On Monday, Addazio said he hadn’t decided exactly how the Eagles would handle that aspect of the week’s preparation. On Wednesday, defensive lineman Kasim Edebali said the Eagles had been practicing taking on cut blocks this week despite the risk.

“That’s how we have to prepare, that’s how Army plays,” the fifth-year senior said. “I think the coaches have done a great job with it.”

It helps that Addazio has a lot of experience with the wishbone, running it as a player at Central Connecticut, using it as a coach at Western Connecticut and at Cheshire High School and employing variations of it during stops at Notre Dame and Florida.

“Option has always been in my past,” he said. “I really love the option game.
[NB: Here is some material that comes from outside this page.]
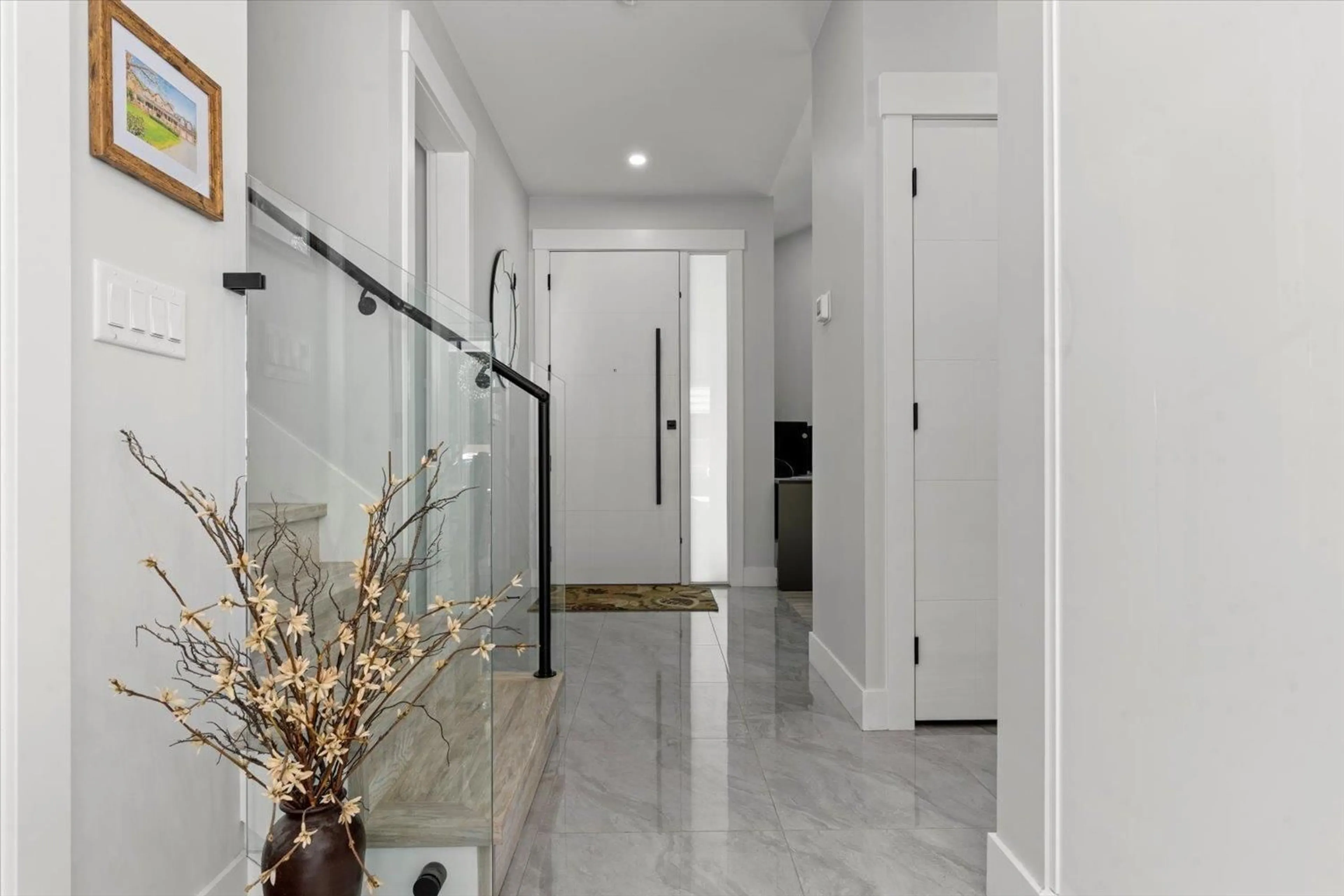 Indoor foyer for 835 MYNG CRESCENT, Harrison Hot Springs British Columbia V0M1K0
I have a lot of time invested in studying it over the years. I’m pretty well versed in that offense.”

While the Eagles don’t run much option -- though quarterback Chase Rettig did run an option play in last week’s loss to No. 8 Florida State -- choosing to fit their offensive style to the current personnel, it’s something Addazio would like to do more of as he continues to shape the BC roster.

For now, though, he’s concerned with stopping the potent running attack Army brings to Chestnut Hill for Saturday’s game (1 p.m. ET on ESPN3). Through the first five games the Black Knights rank first in the country in rushing attempts (299), attempts per game (59.8) and yards (1,627) and second in the country in rushing yards per game (325.4). They have thrown the ball only 59 times, completing 28, and average only 65.6 yards passing a game -- last in the country.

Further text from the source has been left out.